|CASH CONSIDERATION FOR SHARES |
Meaning of 'cash'
|The Companies Act 1985 contains the following provisions (sections 738(2), (3) and (4)) which assist in understanding the meaning of 'cash' in this context:|
|'(2) For purposes of this Act, a share in a company is deemed paid up (as to its nominal value or any premium on it) in cash, or allotted for cash, if the consideration for the allotment or payment up is cash received by the company, or is a cheque received by it in good faith which the directors have no reason for suspecting will not be paid, or is a release of a liability of the company for a liquidated sum, or is an undertaking to pay cash to the company at a future date.|
(3) In relation to the allotment or payment up of any shares in a company, references in this Act (except sections 89 to 94) [which are not relevant in this context] to consideration other than cash and to the payment up of shares and premiums on shares otherwise than in cash include the payment of, or any undertaking to pay, cash to any person other than the company.
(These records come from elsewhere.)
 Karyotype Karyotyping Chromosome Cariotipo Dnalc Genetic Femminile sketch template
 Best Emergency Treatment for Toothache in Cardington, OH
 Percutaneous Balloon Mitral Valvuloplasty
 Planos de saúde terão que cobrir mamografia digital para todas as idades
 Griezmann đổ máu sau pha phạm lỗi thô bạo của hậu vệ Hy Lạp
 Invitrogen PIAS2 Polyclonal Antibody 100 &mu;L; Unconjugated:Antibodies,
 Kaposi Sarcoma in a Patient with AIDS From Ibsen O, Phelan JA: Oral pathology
(4).....For the purpose of determining whether a share is or is to be allotted for cash, or paid up in cash, 'cash' includes foreign currency.'
|Private Companies - restrictions on non-cash consideration|
|In the case of private companies, virtually any valuable consideration suffices. For example, the consideration for an allotment of shares may be a promise to provide certain services to the company. |
The courts have held however, that it is beyond the power of a limited company to issue paid up shares for nothing and for the company to preclude itself from requiring payment for the shares in money or money's worth. Also, it has been held that a company cannot substitute an action for damages for breach of contract for an action for non-payment of calls on its shares. So, generally, an agreement to accept the supply of goods at a future time as consideration for future calls is invalid as that would, in effect, be an agreement that future calls could be satisfied by an action for damages for breach of the contract to supply the goods.
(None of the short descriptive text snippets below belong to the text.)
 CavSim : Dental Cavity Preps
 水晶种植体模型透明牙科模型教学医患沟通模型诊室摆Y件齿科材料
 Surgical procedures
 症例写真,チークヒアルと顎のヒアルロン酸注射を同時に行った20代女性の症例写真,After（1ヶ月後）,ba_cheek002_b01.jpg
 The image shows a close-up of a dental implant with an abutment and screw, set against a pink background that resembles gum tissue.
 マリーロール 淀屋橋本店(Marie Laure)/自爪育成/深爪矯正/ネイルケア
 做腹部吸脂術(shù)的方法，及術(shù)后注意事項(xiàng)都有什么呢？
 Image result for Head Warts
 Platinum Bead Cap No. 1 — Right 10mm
If the consideration is apparently valid at the time of the allotment, but later turns out to be worthless, the allotment is still good and the company cannot resile from it.
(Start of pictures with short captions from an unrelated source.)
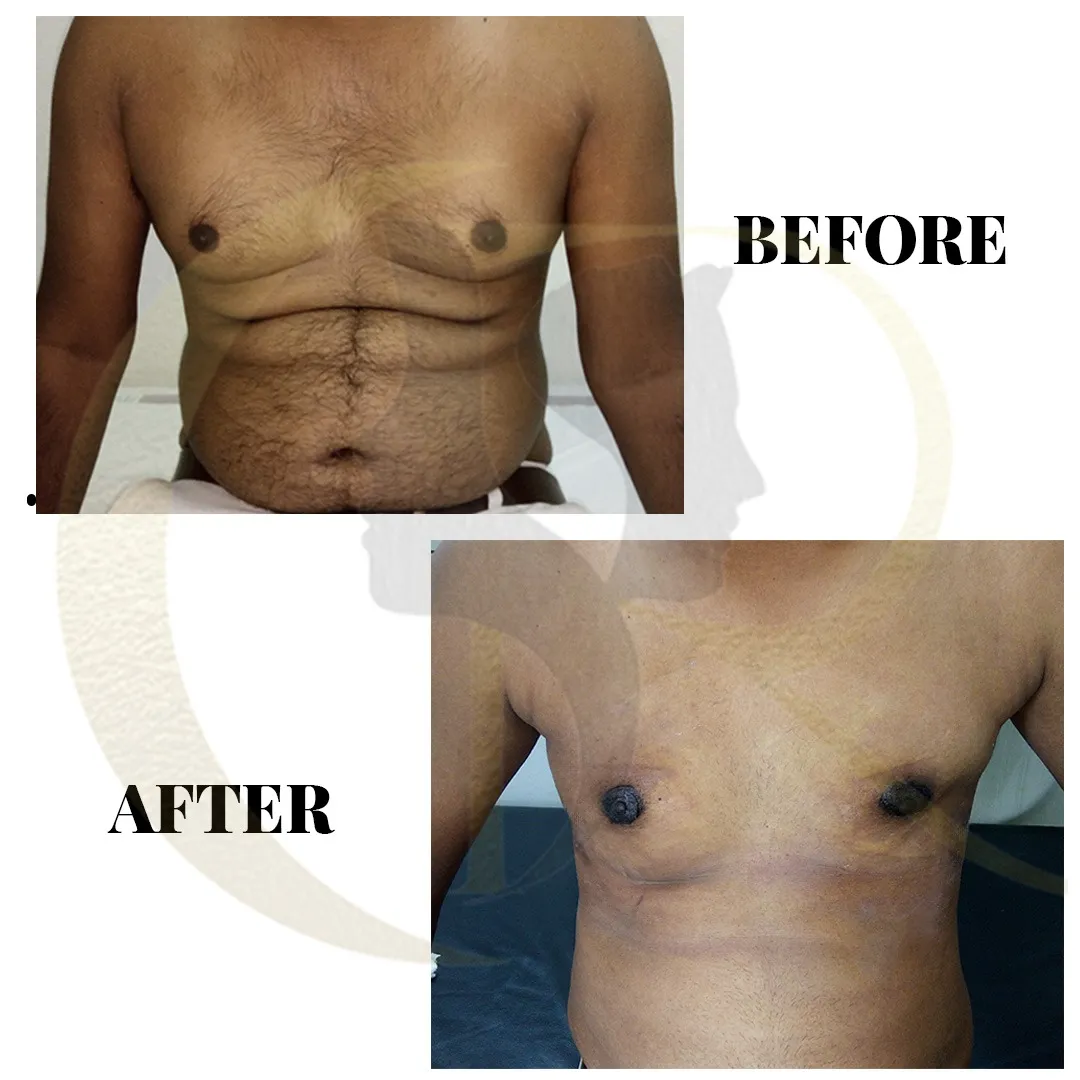 Gynecomastia surgery result showing male chest contouring on Day 5 post Vaser 2.0 Ventx Vaser Smooth procedure at Cosmo Radiance Hyderabad India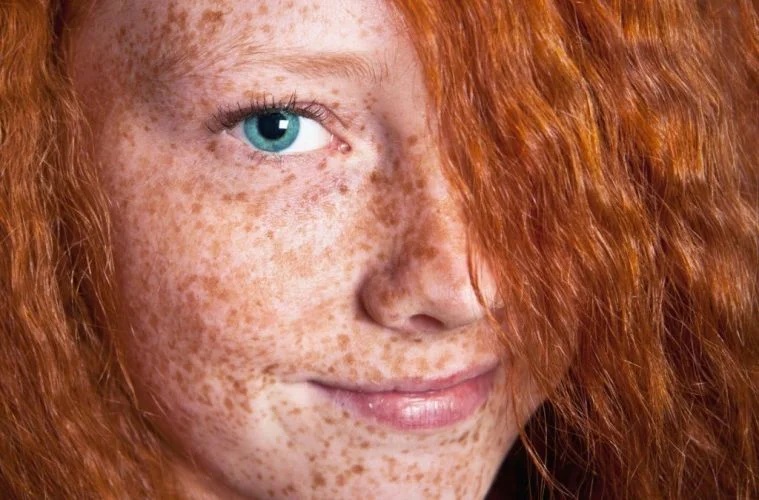 Самые редкие и необычные заболевания Самые редкие и необычные заболевания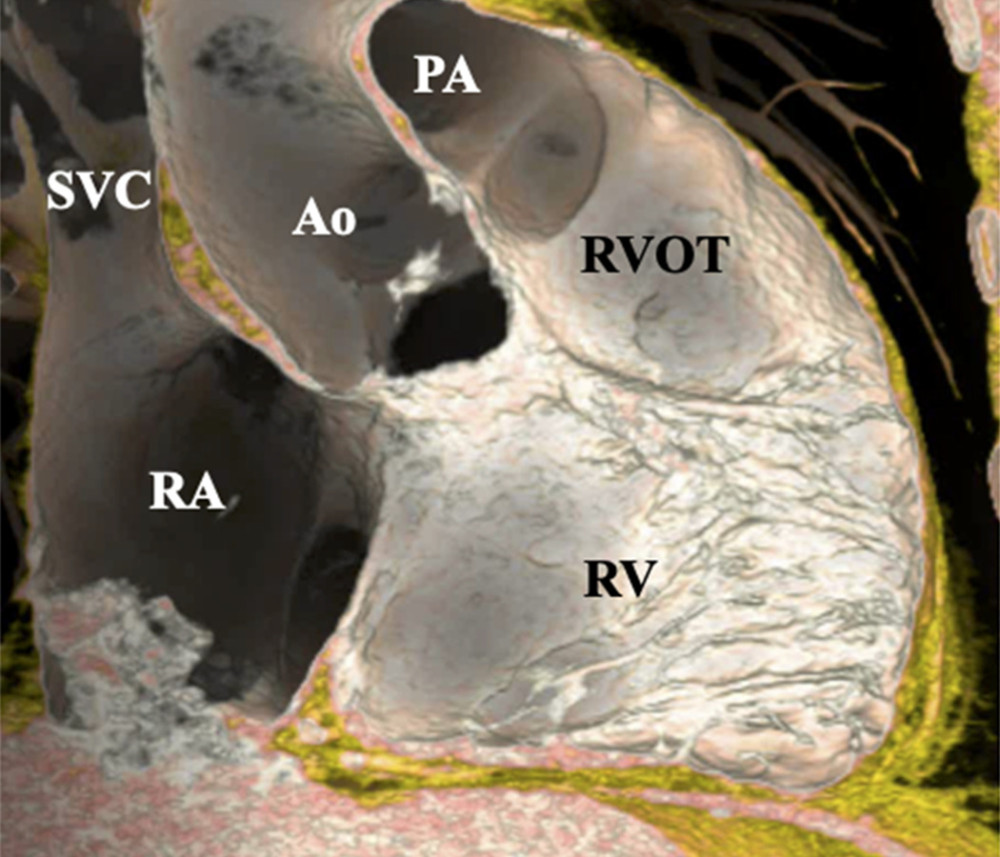 Multi-detector row computed tomography of a 52-year-old man. The three-dimensional volume-rendering image clearly shows complete regression of the pulmonary valve of the homograft. SVC – superior vena cava; RA – right atrium; RV – right ventricle; Ao – aorta; RVOT – right ventricular outflow tract; PA – pulmonary artery.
A well known rule of the law of contracts is that past consideration is not valid consideration. (So a promise by A to do something for B, made in consideration for B's having previously done something for A, is not binding on A as the consideration was something done in the past.) Accordingly, past services for which the company was not liable to pay, cannot validly constitute the consideration for an allotment of shares by the company to the provider of the services. However, if the consideration is in kind, the courts will usually not be concerned as to whether it was of a value equal to the nominal or par value of the shares issued, unless the consideration could be regarded as illusory or had an obvious money value indicating that a discount had been allowed. (Section 100 of the Companies Act 1985 contains an absolute prohibition against allotting shares at a discount, i.e. at less than their par value.)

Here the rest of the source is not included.